As I took the photo I overheard in the crowd:
"When I grow up I want to be a gardener!"
"Me too!"
"I want to be a gardener too!"
"When I grow up I'm going to be a gardener and my name is going to be Roger!"
 
 Here is the finished bed with some vegetable seedlings placed ready for the kids to plant.
One end will be devoted to luscious strawberries
Biodynamics Field Day
 
Kym Green kindly hosted a Biodynamics Field Day at his Lenswood orchards on Saturday 27 June.  We spent the morning with about 25 other people - wine makers, organic farmers, composters, gardeners - listening and sharing information and stories. Hugh Lovell, internationally regarded biodynamicist and biochemist was also on hand to speak about soil fertility and biodynamic preparations.

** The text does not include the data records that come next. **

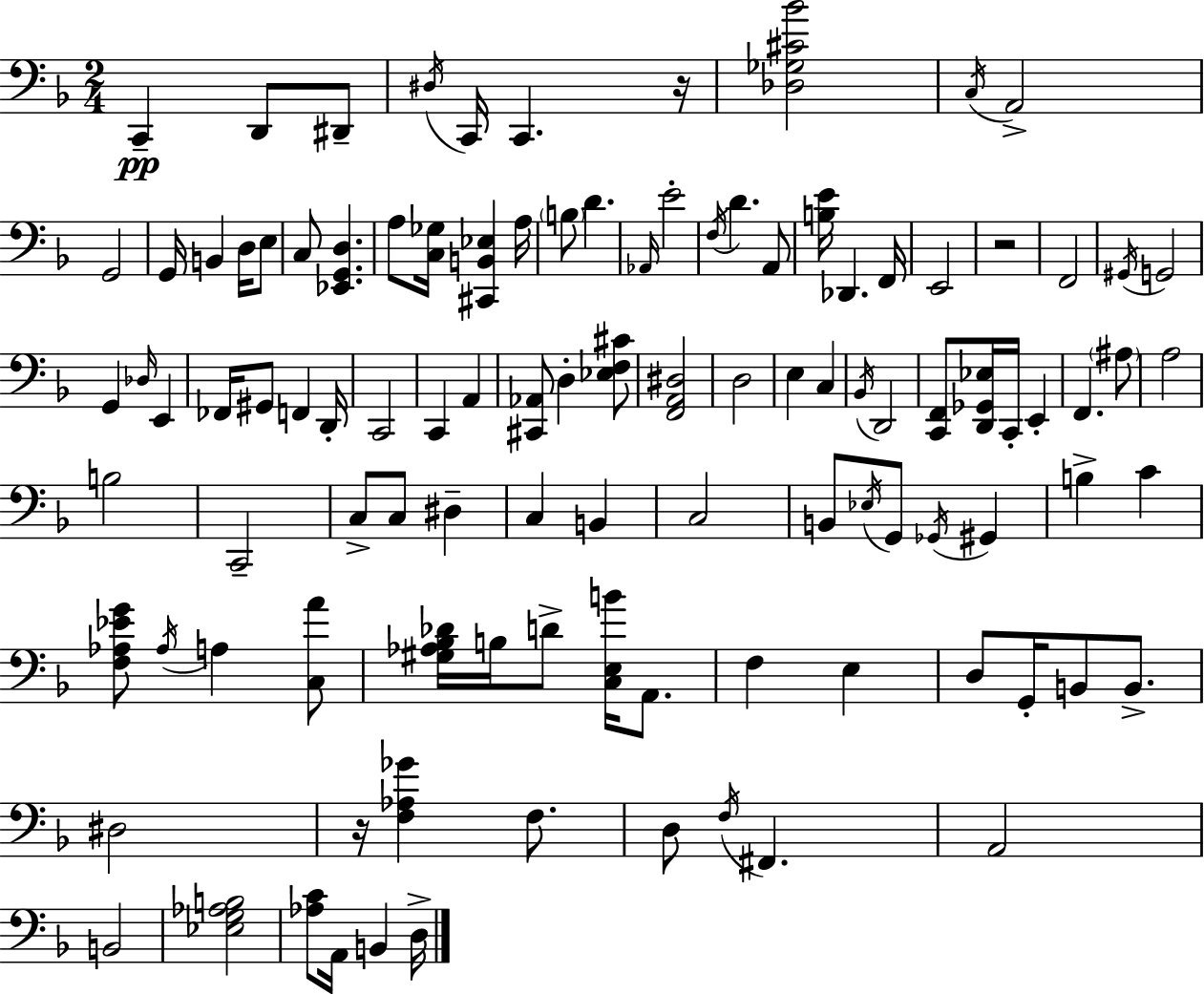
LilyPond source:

{
  \clef bass
  \numericTimeSignature
  \time 2/4
  \key d \minor
  c,4--\pp d,8 dis,8-- | \acciaccatura { dis16 } c,16 c,4. | r16 <des ges cis' bes'>2 | \acciaccatura { c16 } a,2-> | \break g,2 | g,16 b,4 d16 | e8 c8 <ees, g, d>4. | a8 <c ges>16 <cis, b, ees>4 | \break a16 \parenthesize b8 d'4. | \grace { aes,16 } e'2-. | \acciaccatura { f16 } d'4. | a,8 <b e'>16 des,4. | \break f,16 e,2 | r2 | f,2 | \acciaccatura { gis,16 } g,2 | \break g,4 | \grace { des16 } e,4 fes,16 gis,8 | f,4 d,16-. c,2 | c,4 | \break a,4 <cis, aes,>8 | d4-. <ees f cis'>8 <f, a, dis>2 | d2 | e4 | \break c4 \acciaccatura { bes,16 } d,2 | <c, f,>8 | <d, ges, ees>16 c,16-. e,4-. f,4. | \parenthesize ais8 a2 | \break b2 | c,2-- | c8-> | c8 dis4-- c4 | \break b,4 c2 | b,8 | \acciaccatura { ees16 } g,8 \acciaccatura { ges,16 } gis,4 | b4-> c'4 | \break <f aes ees' g'>8 \acciaccatura { aes16 } a4 | <c a'>8 <gis aes bes des'>16 b16 d'8-> <c e b'>16 a,8. | f4 e4 | d8 g,16-. b,8 b,8.-> | \break dis2 | r16 <f aes ges'>4 f8. | d8 \acciaccatura { f16 } fis,4. | a,2 | \break b,2 | <ees g aes b>2 | <aes c'>8 a,16 b,4 | d16-> \bar "|."
}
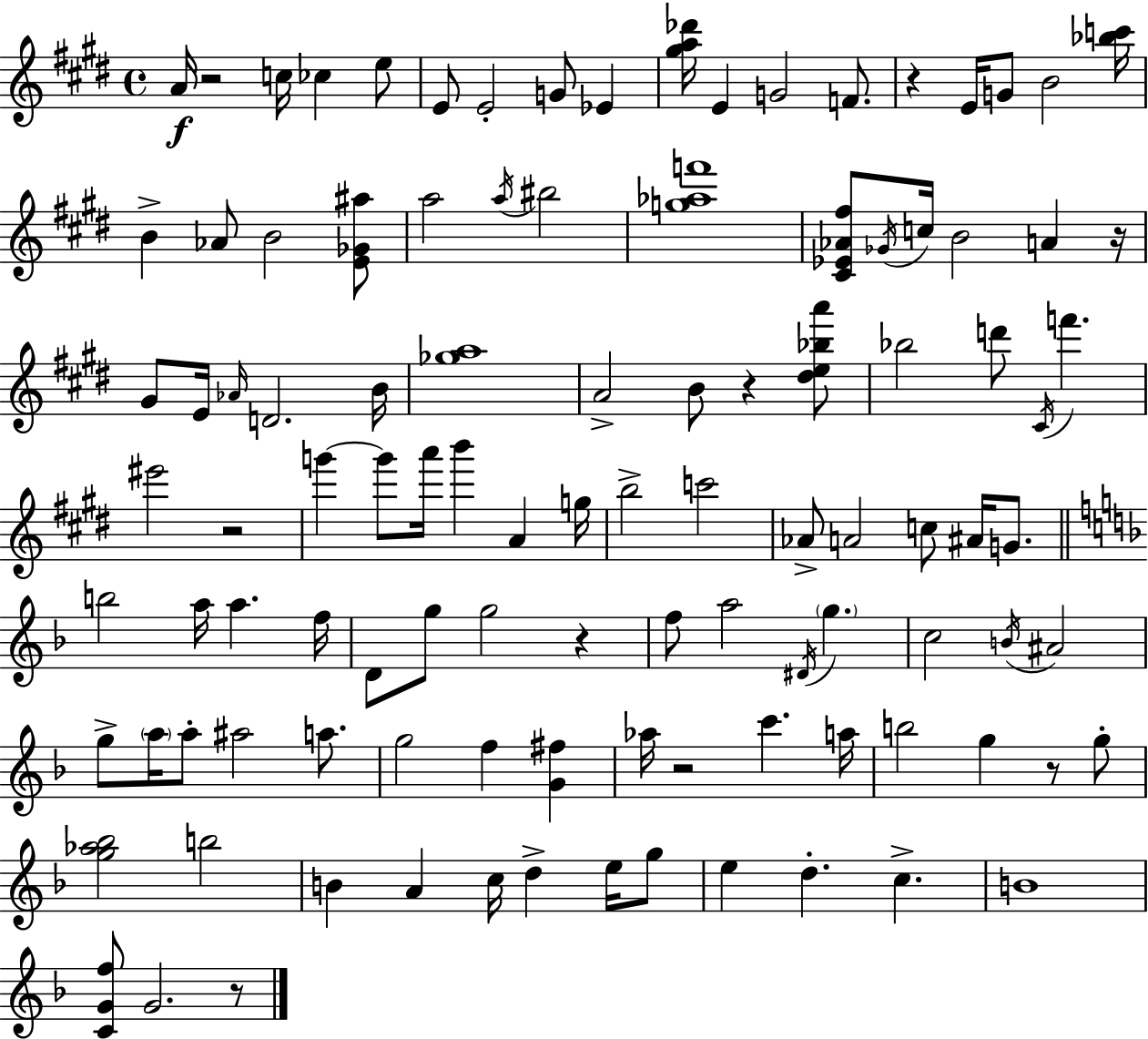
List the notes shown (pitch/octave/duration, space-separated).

A4/s R/h C5/s CES5/q E5/e E4/e E4/h G4/e Eb4/q [G#5,A5,Db6]/s E4/q G4/h F4/e. R/q E4/s G4/e B4/h [Bb5,C6]/s B4/q Ab4/e B4/h [E4,Gb4,A#5]/e A5/h A5/s BIS5/h [G5,Ab5,F6]/w [C#4,Eb4,Ab4,F#5]/e Gb4/s C5/s B4/h A4/q R/s G#4/e E4/s Ab4/s D4/h. B4/s [Gb5,A5]/w A4/h B4/e R/q [D#5,E5,Bb5,A6]/e Bb5/h D6/e C#4/s F6/q. EIS6/h R/h G6/q G6/e A6/s B6/q A4/q G5/s B5/h C6/h Ab4/e A4/h C5/e A#4/s G4/e. B5/h A5/s A5/q. F5/s D4/e G5/e G5/h R/q F5/e A5/h D#4/s G5/q. C5/h B4/s A#4/h G5/e A5/s A5/e A#5/h A5/e. G5/h F5/q [G4,F#5]/q Ab5/s R/h C6/q. A5/s B5/h G5/q R/e G5/e [G5,Ab5,Bb5]/h B5/h B4/q A4/q C5/s D5/q E5/s G5/e E5/q D5/q. C5/q. B4/w [C4,G4,F5]/e G4/h. R/e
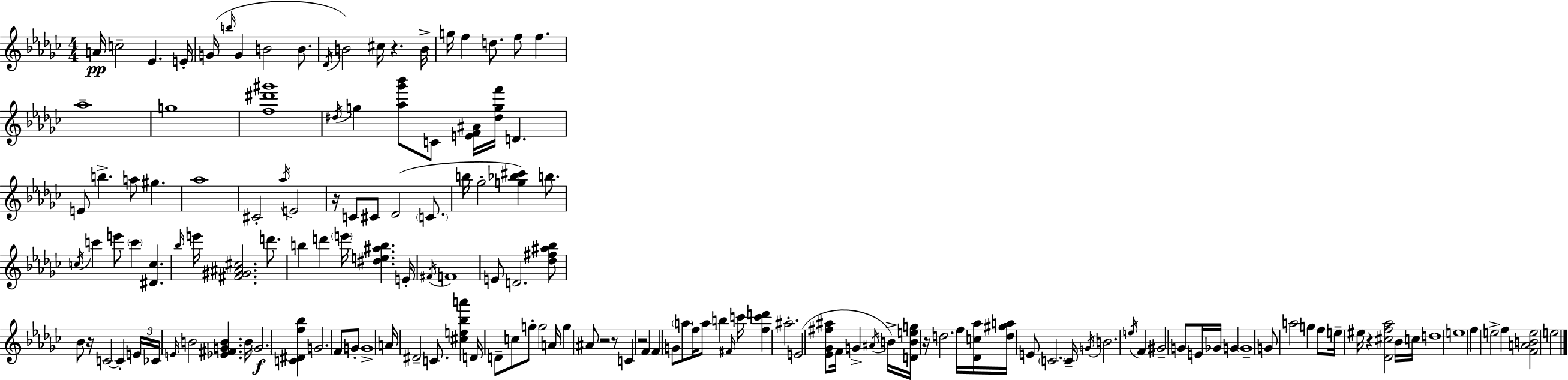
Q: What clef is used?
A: treble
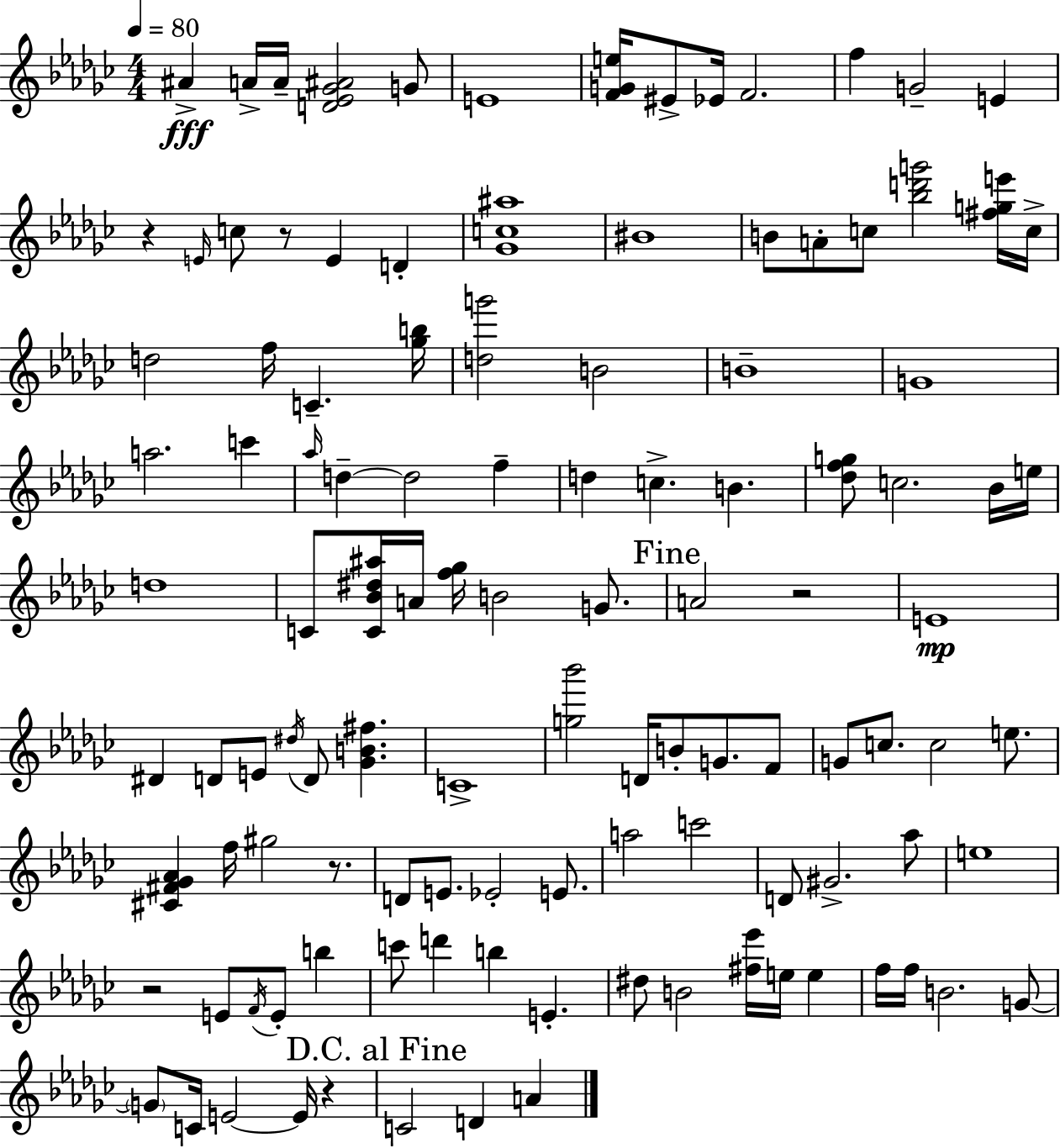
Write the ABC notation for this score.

X:1
T:Untitled
M:4/4
L:1/4
K:Ebm
^A A/4 A/4 [D_E_G^A]2 G/2 E4 [FGe]/4 ^E/2 _E/4 F2 f G2 E z E/4 c/2 z/2 E D [_Gc^a]4 ^B4 B/2 A/2 c/2 [_bd'g']2 [^fge']/4 c/4 d2 f/4 C [_gb]/4 [dg']2 B2 B4 G4 a2 c' _a/4 d d2 f d c B [_dfg]/2 c2 _B/4 e/4 d4 C/2 [C_B^d^a]/4 A/4 [f_g]/4 B2 G/2 A2 z2 E4 ^D D/2 E/2 ^d/4 D/2 [_GB^f] C4 [g_b']2 D/4 B/2 G/2 F/2 G/2 c/2 c2 e/2 [^C^F_G_A] f/4 ^g2 z/2 D/2 E/2 _E2 E/2 a2 c'2 D/2 ^G2 _a/2 e4 z2 E/2 F/4 E/2 b c'/2 d' b E ^d/2 B2 [^f_e']/4 e/4 e f/4 f/4 B2 G/2 G/2 C/4 E2 E/4 z C2 D A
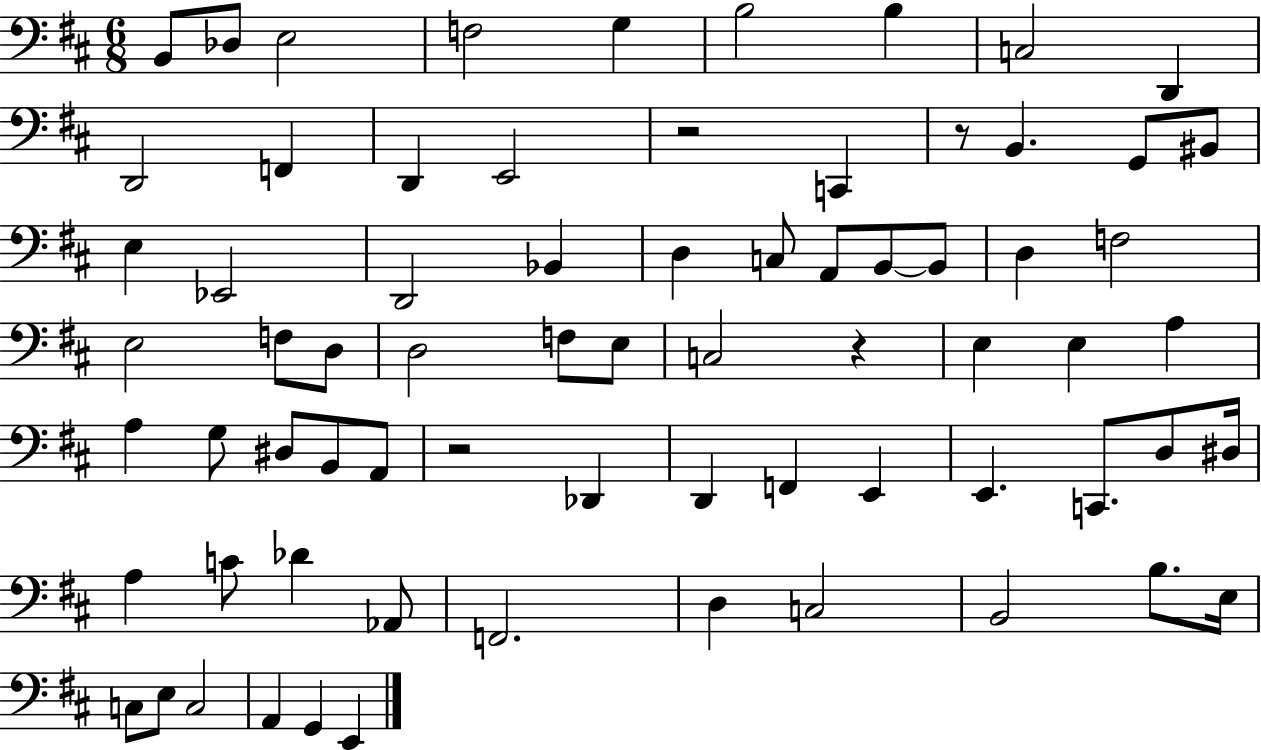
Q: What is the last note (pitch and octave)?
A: E2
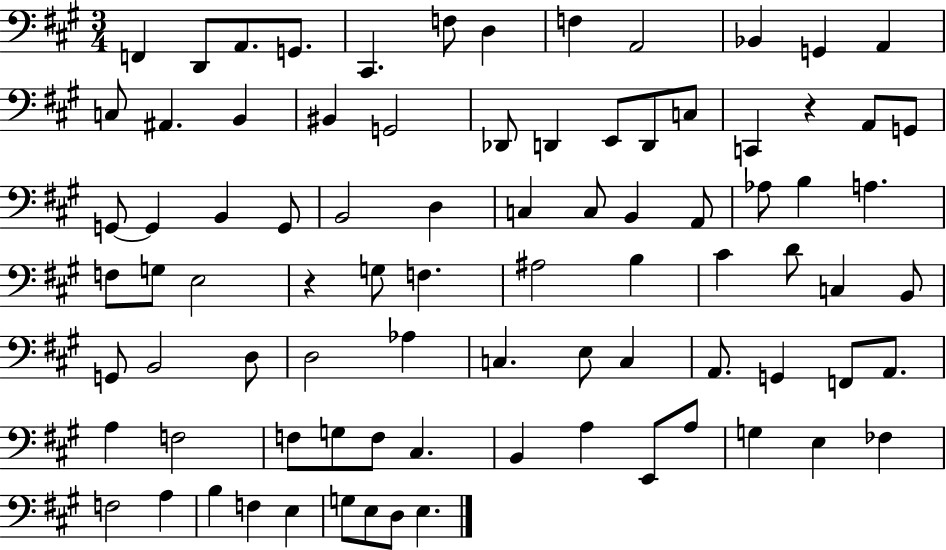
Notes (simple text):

F2/q D2/e A2/e. G2/e. C#2/q. F3/e D3/q F3/q A2/h Bb2/q G2/q A2/q C3/e A#2/q. B2/q BIS2/q G2/h Db2/e D2/q E2/e D2/e C3/e C2/q R/q A2/e G2/e G2/e G2/q B2/q G2/e B2/h D3/q C3/q C3/e B2/q A2/e Ab3/e B3/q A3/q. F3/e G3/e E3/h R/q G3/e F3/q. A#3/h B3/q C#4/q D4/e C3/q B2/e G2/e B2/h D3/e D3/h Ab3/q C3/q. E3/e C3/q A2/e. G2/q F2/e A2/e. A3/q F3/h F3/e G3/e F3/e C#3/q. B2/q A3/q E2/e A3/e G3/q E3/q FES3/q F3/h A3/q B3/q F3/q E3/q G3/e E3/e D3/e E3/q.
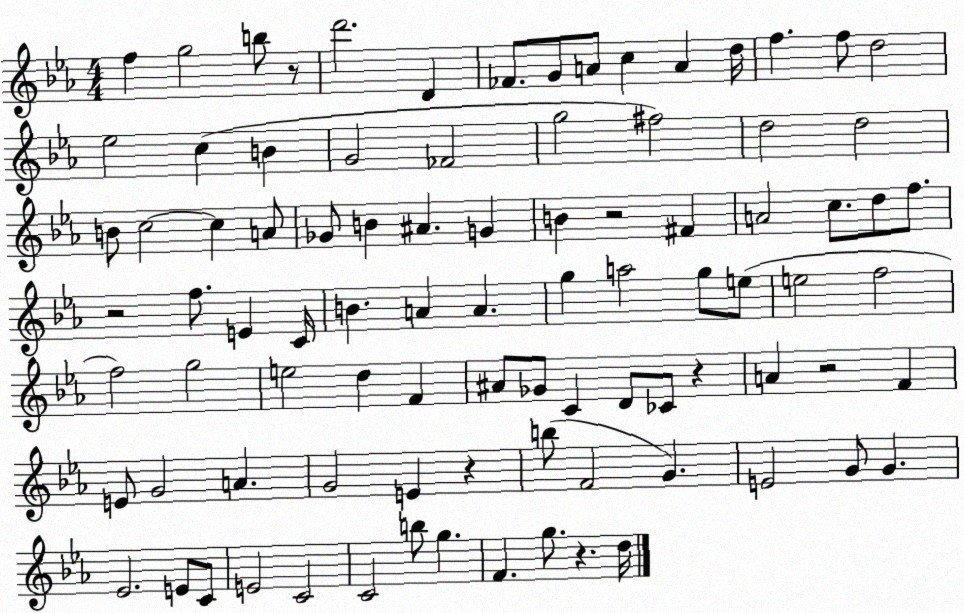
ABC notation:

X:1
T:Untitled
M:4/4
L:1/4
K:Eb
f g2 b/2 z/2 d'2 D _F/2 G/2 A/2 c A d/4 f f/2 d2 _e2 c B G2 _F2 g2 ^f2 d2 d2 B/2 c2 c A/2 _G/2 B ^A G B z2 ^F A2 c/2 d/2 f/2 z2 f/2 E C/4 B A A g a2 g/2 e/2 e2 f2 f2 g2 e2 d F ^A/2 _G/2 C D/2 _C/2 z A z2 F E/2 G2 A G2 E z b/2 F2 G E2 G/2 G _E2 E/2 C/2 E2 C2 C2 b/2 g F g/2 z d/4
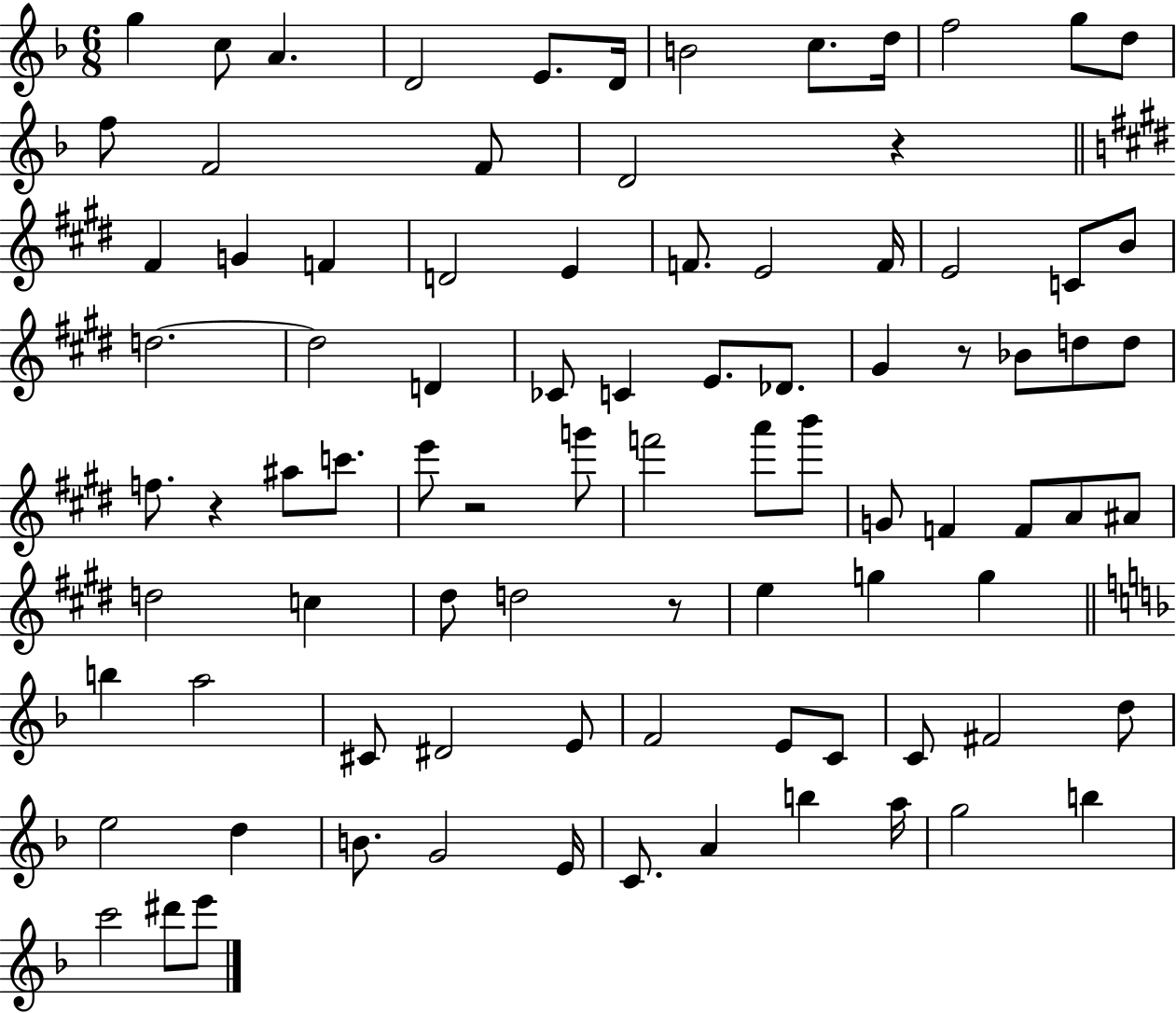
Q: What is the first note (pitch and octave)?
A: G5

“ People think that biodynamics is all about taking your clothes off and running through the orchard” said Kym.  We all knew better – it was far too cold for that!.  Many of us were there because we’d been startled by the extraordinary results achieved with biodynamic preparations and practices.  Kym was no exception and his unrivalled apples and cherries are proof that growing food biodynamically is worthwhile.
 
Roger shared his knowledge about the importance of water quality in food growing, explaining how the magnetic Water Devices and the Flowform works.  Flowforms replicate the natural action of water as it flows down a ravine. Water devices replicate both the “ravine” effect as well as imparting of a millivolt charge to the water, helping plants produce greater yields.
Kym’s passion and dedication to biodynamics is inspiring.  It’s been a 10 year experiment for him.  Going against the accepted farming practices of neighbours, peers and even his father, Kym has succeeded in building an exceptional biodynamic orchard that thrives on his communion with and deep understanding of his trees.  
One section of Kym’s orchard has 20 year old apple trees that are still producing amazing crops of gorgeous fruit.  His cherries are the size of walnuts and so full of flavour that the sensation almost takes your breath away.
 
Kym spoke about how he prunes the trees, how he uses radionics to determine what preparations they need each day, male and female branches, biological pest control, the use of ormes, and much much more.  Hugh Lovell described entrophy and syntrophy, and provided information on the biological, physical and chemical evidence backing biodynamics.
Kym will soon be retiring as chair of Biodynamics Agriculture Australia (BAA), a position he’s held for the past year.  As a Board member of BAA and a close friend of Kym’s, Roger will miss Kym’s wise, gentle and compassionate leadership of this organisation.
 
Thank you so much Kym for sharing your passion and knowledge with us all on Saturday.